EXERCISE OBJECTIVE
The answer must consist solely of the lines from the one with "Professional Beach Volleyball" through the last line of the data, copied exactly, with no pictures.

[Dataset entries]
BEGIN

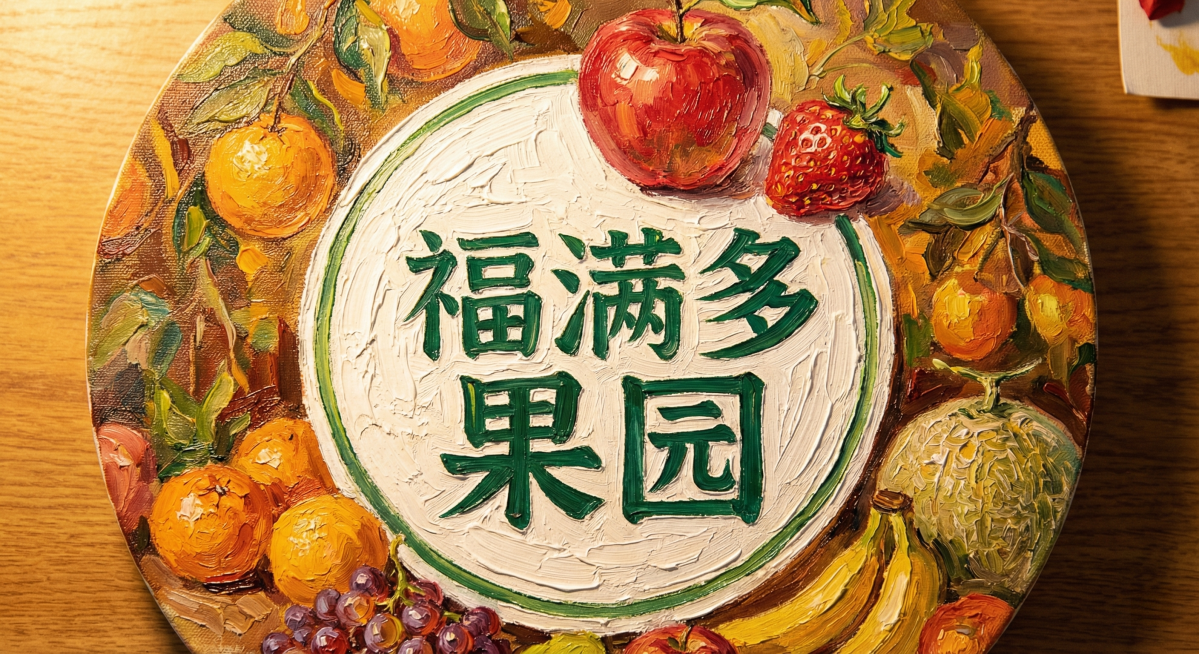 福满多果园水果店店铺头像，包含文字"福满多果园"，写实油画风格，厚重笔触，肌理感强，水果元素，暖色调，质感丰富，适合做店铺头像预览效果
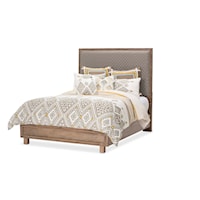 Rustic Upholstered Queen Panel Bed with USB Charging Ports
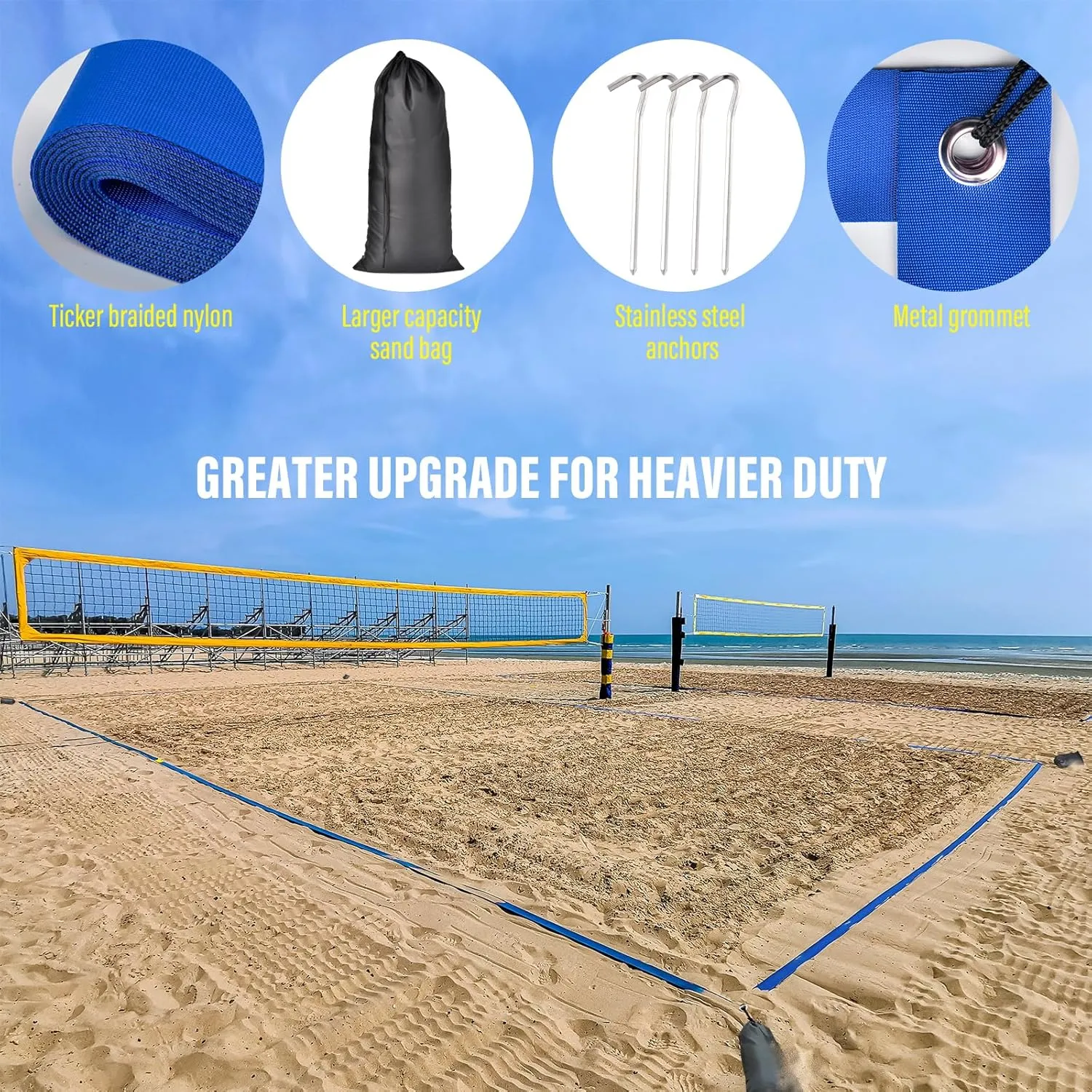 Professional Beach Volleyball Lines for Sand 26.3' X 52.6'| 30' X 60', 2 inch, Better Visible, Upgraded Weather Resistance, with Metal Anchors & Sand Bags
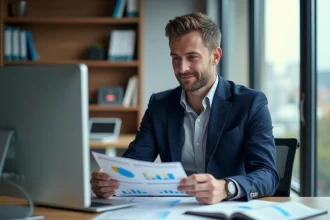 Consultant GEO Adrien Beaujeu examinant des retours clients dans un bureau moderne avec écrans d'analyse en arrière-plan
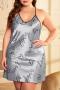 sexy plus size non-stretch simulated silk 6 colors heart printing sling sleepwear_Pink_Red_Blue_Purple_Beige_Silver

END

RESULT FOR THIS TASK
 Professional Beach Volleyball Lines for Sand 26.3' X 52.6'| 30' X 60', 2 inch, Better Visible, Upgraded Weather Resistance, with Metal Anchors & Sand Bags
 Consultant GEO Adrien Beaujeu examinant des retours clients dans un bureau moderne avec écrans d'analyse en arrière-plan
 sexy plus size non-stretch simulated silk 6 colors heart printing sling sleepwear_Pink_Red_Blue_Purple_Beige_Silver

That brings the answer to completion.